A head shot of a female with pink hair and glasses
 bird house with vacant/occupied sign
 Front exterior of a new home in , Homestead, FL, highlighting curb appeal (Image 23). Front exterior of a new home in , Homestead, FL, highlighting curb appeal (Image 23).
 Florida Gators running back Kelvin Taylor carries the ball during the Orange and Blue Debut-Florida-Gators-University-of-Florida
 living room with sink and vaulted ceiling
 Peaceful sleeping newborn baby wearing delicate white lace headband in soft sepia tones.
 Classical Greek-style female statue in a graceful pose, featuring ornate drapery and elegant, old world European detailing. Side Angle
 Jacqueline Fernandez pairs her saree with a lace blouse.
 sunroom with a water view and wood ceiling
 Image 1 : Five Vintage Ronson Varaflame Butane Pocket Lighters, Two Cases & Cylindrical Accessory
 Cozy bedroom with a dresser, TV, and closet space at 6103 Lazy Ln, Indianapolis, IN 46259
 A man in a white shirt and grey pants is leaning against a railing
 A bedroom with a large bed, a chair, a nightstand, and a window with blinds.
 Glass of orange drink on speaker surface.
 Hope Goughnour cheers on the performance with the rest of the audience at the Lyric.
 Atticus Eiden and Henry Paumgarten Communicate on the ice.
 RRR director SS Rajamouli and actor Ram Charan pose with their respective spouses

Exercise aim »
Give back, unchanged, every line from the one with "(Image 23). Front" to the end of the entries above.

Expected output »
 Front exterior of a new home in , Homestead, FL, highlighting curb appeal (Image 23). Front exterior of a new home in , Homestead, FL, highlighting curb appeal (Image 23).
 Florida Gators running back Kelvin Taylor carries the ball during the Orange and Blue Debut-Florida-Gators-University-of-Florida
 living room with sink and vaulted ceiling
 Peaceful sleeping newborn baby wearing delicate white lace headband in soft sepia tones.
 Classical Greek-style female statue in a graceful pose, featuring ornate drapery and elegant, old world European detailing. Side Angle
 Jacqueline Fernandez pairs her saree with a lace blouse.
 sunroom with a water view and wood ceiling
 Image 1 : Five Vintage Ronson Varaflame Butane Pocket Lighters, Two Cases & Cylindrical Accessory
 Cozy bedroom with a dresser, TV, and closet space at 6103 Lazy Ln, Indianapolis, IN 46259
 A man in a white shirt and grey pants is leaning against a railing
 A bedroom with a large bed, a chair, a nightstand, and a window with blinds.
 Glass of orange drink on speaker surface.
 Hope Goughnour cheers on the performance with the rest of the audience at the Lyric.
 Atticus Eiden and Henry Paumgarten Communicate on the ice.
 RRR director SS Rajamouli and actor Ram Charan pose with their respective spouses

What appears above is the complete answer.